START Records to process

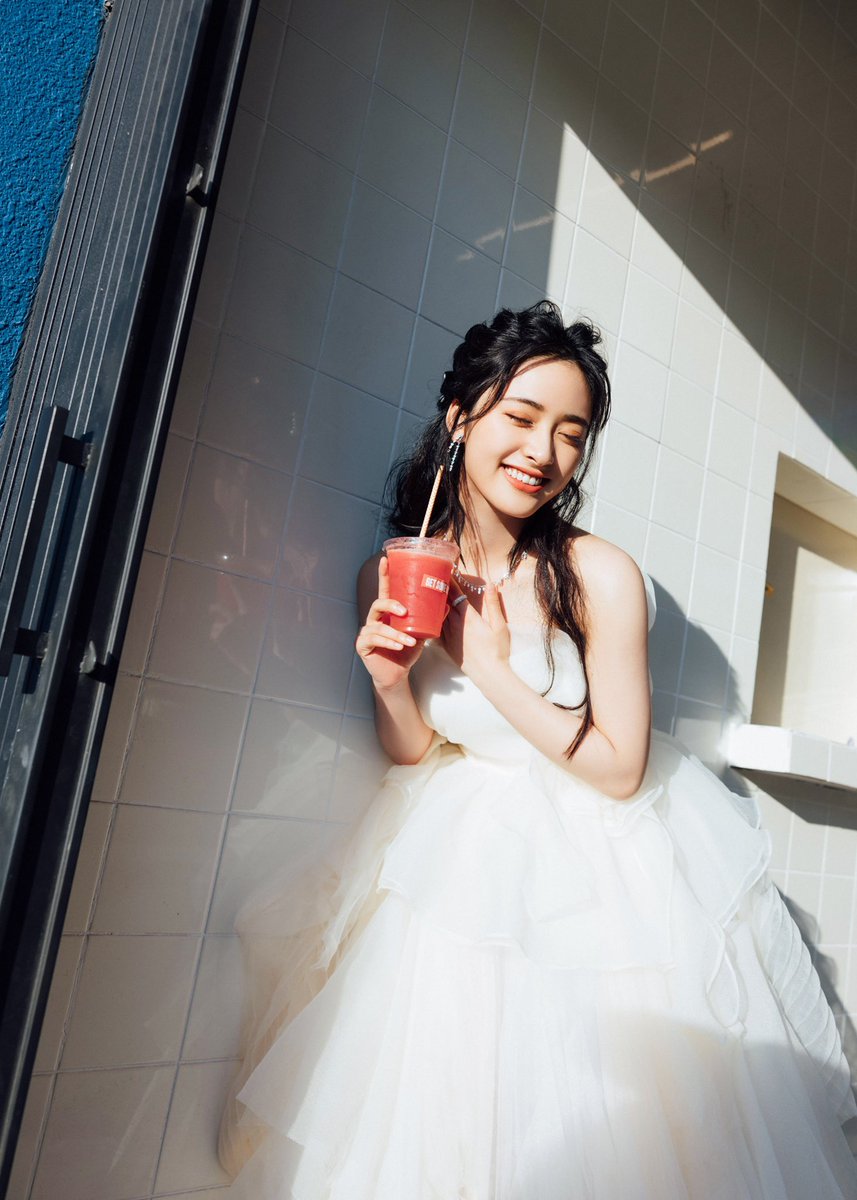 dramapotatoe's tweet photo. #ShenYue for the 35th Golden Rooster Awards

More - https://t.co/fOyjv0PuvZ https://t.co/gxmzG5B75u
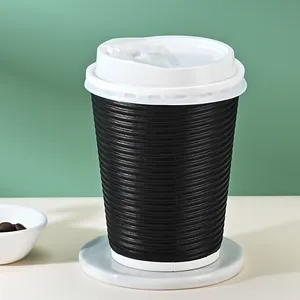 Schwarze Kaffeetasse Einweg doppelwandige verdickte Papier Kaffeetasse 14 Unzen zum Mitnehmen Verpackung heißes Getränk hohle Kaffee Pappbecher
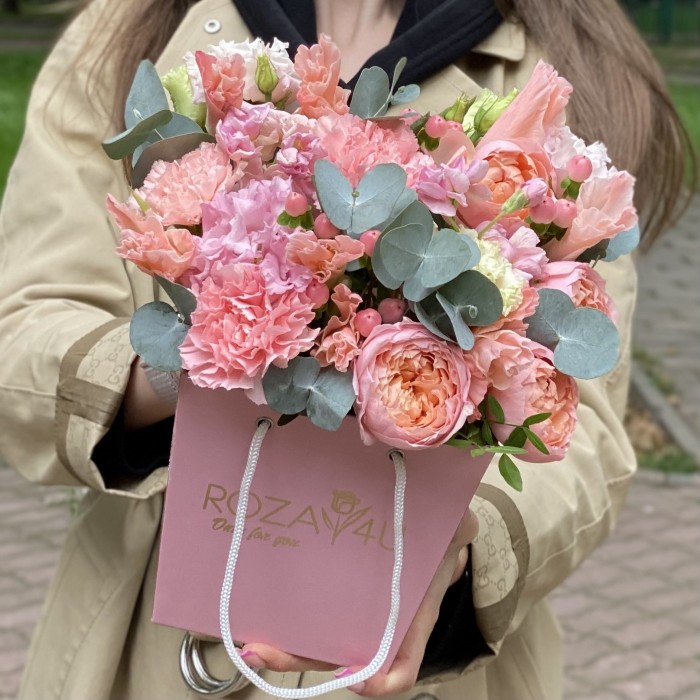 Композиция Цветочное утро с пионовидными розами Джульетта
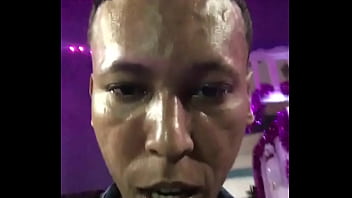 Disfrutando en un barrio popular de la isla de san andrés con el bow del natania y su buena música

END Records to process

**Activity:** Copy exactly the lines running from the line with "Композиция Цветочное утро" to the final line of the listing, keeping both ends and dropping any picture.

**Solution below:**
 Композиция Цветочное утро с пионовидными розами Джульетта
 Disfrutando en un barrio popular de la isla de san andrés con el bow del natania y su buena música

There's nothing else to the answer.